[Opening Input data section]
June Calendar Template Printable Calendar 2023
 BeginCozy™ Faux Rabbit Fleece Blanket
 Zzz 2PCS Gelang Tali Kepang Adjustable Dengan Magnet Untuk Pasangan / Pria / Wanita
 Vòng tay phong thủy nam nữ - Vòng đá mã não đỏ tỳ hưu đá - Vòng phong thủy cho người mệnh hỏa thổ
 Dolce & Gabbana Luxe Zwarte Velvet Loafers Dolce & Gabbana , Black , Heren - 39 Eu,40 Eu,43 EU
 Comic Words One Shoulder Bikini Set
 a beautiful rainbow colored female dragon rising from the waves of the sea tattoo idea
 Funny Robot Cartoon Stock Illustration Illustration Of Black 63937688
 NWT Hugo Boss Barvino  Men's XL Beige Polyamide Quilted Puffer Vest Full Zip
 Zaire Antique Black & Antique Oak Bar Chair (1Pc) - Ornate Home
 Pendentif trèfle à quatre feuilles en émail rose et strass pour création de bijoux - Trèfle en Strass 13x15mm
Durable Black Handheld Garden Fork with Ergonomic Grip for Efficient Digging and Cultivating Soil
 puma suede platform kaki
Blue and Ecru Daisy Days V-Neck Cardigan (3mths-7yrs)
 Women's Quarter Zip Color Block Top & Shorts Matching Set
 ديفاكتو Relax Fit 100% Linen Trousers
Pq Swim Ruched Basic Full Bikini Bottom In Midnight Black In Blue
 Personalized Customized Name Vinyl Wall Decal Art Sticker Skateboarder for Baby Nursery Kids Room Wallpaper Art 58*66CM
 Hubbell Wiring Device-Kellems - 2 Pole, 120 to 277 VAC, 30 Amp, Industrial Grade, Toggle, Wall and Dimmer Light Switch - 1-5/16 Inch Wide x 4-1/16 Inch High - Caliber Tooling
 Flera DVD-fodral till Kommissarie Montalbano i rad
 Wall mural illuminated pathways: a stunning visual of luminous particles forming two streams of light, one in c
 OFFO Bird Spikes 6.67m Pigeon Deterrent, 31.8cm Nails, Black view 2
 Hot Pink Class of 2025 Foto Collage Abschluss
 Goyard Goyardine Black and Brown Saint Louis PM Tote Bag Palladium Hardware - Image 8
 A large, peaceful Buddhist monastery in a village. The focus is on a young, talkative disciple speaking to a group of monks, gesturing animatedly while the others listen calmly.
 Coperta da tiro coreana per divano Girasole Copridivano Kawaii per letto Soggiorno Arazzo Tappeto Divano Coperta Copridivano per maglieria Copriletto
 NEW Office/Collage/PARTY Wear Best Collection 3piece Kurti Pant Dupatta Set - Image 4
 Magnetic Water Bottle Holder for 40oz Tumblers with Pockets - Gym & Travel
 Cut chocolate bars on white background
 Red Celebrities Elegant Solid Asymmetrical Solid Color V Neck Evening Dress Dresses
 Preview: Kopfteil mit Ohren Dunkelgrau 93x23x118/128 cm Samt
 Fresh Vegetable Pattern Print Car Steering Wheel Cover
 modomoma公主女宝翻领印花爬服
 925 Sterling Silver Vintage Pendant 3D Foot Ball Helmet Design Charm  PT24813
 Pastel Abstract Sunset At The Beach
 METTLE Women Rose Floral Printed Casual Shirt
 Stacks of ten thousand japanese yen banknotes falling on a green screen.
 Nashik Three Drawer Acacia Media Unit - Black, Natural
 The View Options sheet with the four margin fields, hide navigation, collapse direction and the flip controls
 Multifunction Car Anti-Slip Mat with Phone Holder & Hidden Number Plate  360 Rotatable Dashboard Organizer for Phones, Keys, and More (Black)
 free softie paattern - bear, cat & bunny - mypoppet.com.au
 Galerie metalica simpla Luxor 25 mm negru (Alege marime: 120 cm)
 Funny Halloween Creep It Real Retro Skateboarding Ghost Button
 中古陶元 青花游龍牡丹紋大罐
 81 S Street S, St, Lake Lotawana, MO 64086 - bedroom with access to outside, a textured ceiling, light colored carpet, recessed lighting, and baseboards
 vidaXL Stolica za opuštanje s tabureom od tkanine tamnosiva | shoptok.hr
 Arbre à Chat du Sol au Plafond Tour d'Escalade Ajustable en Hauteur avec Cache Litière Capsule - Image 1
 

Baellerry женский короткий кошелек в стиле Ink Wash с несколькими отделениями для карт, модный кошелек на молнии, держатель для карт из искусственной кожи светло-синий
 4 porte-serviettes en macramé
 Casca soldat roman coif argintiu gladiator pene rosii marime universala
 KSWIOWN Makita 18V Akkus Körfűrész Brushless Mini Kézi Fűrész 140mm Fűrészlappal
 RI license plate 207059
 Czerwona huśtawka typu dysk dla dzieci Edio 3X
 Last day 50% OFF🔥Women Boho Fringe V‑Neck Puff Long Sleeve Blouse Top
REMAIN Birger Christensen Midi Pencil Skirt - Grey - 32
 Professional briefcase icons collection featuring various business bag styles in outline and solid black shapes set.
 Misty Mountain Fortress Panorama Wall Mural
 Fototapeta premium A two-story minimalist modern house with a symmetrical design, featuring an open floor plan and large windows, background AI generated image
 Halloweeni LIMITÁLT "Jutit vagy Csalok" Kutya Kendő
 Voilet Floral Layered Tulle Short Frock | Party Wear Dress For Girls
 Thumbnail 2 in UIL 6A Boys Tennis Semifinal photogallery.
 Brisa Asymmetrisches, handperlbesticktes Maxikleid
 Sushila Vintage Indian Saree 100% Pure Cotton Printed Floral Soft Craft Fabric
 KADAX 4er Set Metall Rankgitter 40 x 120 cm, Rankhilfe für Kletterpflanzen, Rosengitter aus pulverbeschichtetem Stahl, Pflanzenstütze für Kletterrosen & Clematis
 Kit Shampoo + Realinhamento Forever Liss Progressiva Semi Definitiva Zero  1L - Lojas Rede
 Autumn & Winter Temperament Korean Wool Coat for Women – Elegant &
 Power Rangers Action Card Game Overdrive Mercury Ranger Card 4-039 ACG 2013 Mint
[Closing Input data section]
> _The task_
Using the entries above, return exactly the lines from the line with "Fototapeta premium A" to the line with "Voilet Floral Layered", counting both of those lines.

> _Solution to this exercise_
 Fototapeta premium A two-story minimalist modern house with a symmetrical design, featuring an open floor plan and large windows, background AI generated image
 Halloweeni LIMITÁLT "Jutit vagy Csalok" Kutya Kendő
 Voilet Floral Layered Tulle Short Frock | Party Wear Dress For Girls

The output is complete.